-- DATASET RECORDS follows --

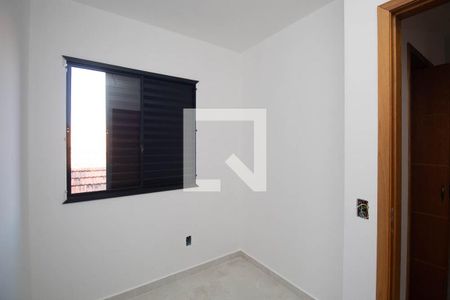 Quarto 2 de apartamento para alugar com 2 quartos, 38m² em Vila Isolina Mazzei, São Paulo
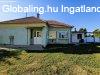 Elad� 100.00 nm-es Fel�j�tand� Csal�di h�z Rajka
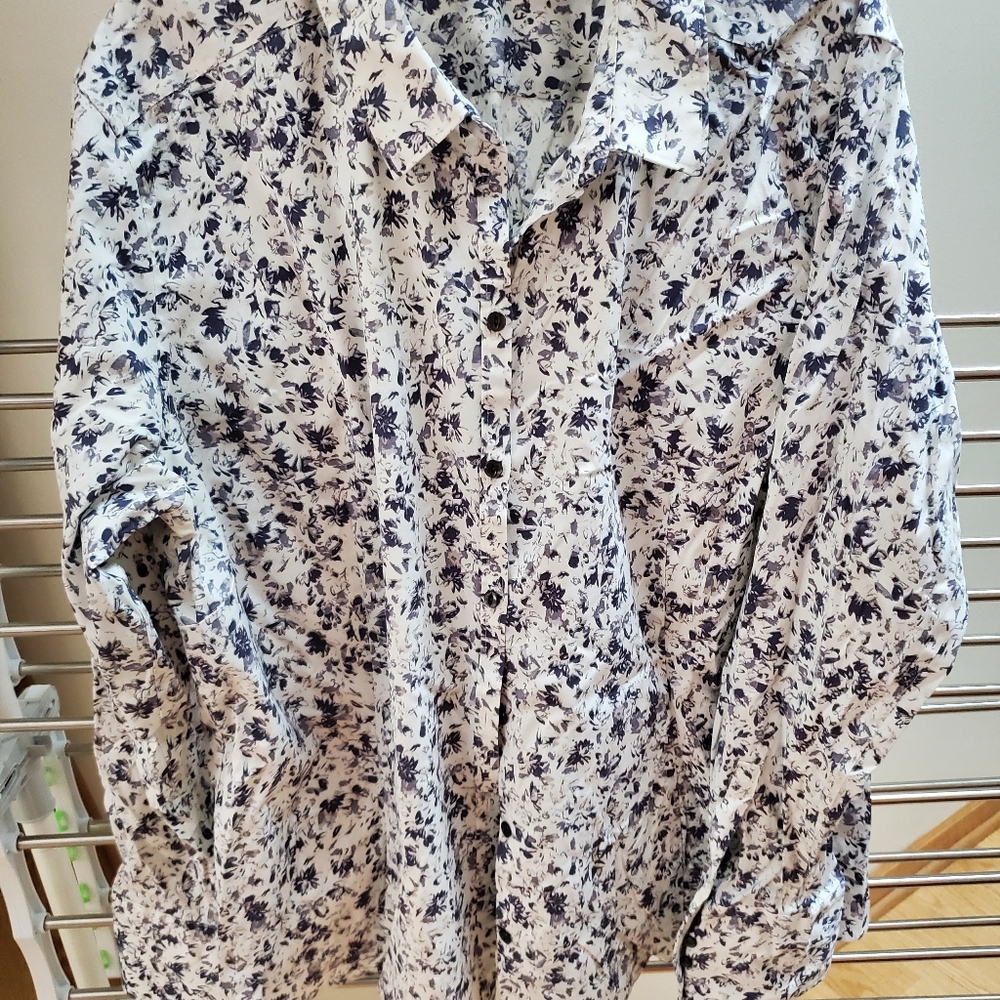 Eddie Bauer Blouse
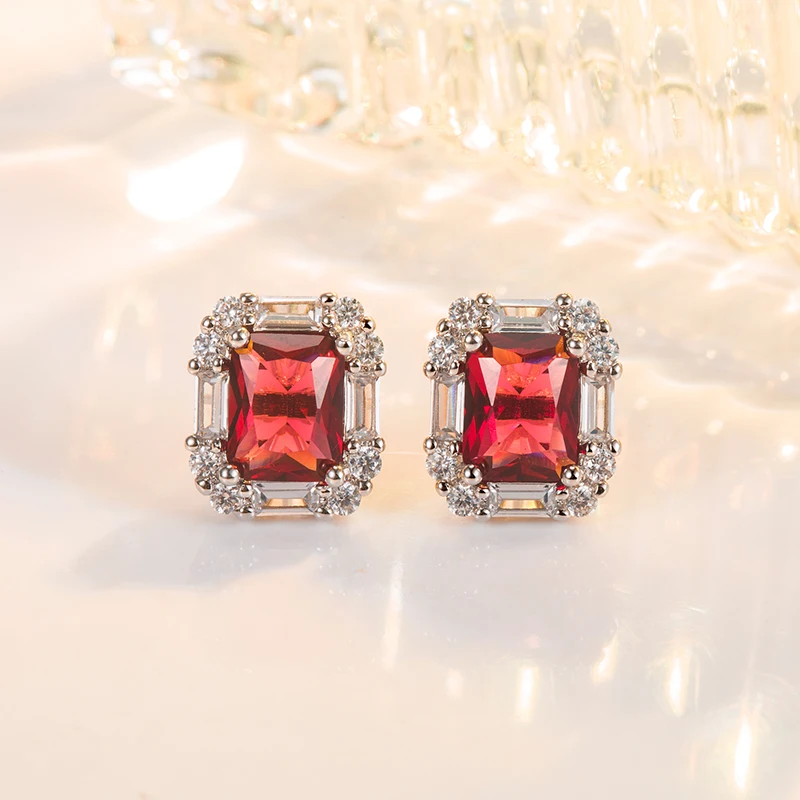 Fashion Earrings for Women 925 Silver Jewelry Rectangle Emerald Zircon Gemstone Stud Earrings Wedding Bridal Party Accessories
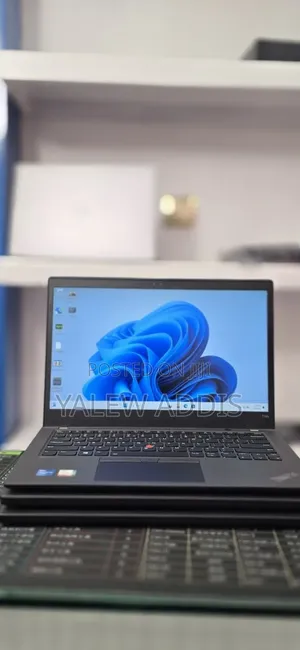 New Laptop Lenovo ThinkPad T14s G4 16GB Intel Core i5 SSD 512GB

-- DATASET RECORDS concluded --

Return the material word for word. Pictures are not part of the copy.

 Quarto 2 de apartamento para alugar com 2 quartos, 38m² em Vila Isolina Mazzei, São Paulo
 Elad� 100.00 nm-es Fel�j�tand� Csal�di h�z Rajka
 Eddie Bauer Blouse
 Fashion Earrings for Women 925 Silver Jewelry Rectangle Emerald Zircon Gemstone Stud Earrings Wedding Bridal Party Accessories
 New Laptop Lenovo ThinkPad T14s G4 16GB Intel Core i5 SSD 512GB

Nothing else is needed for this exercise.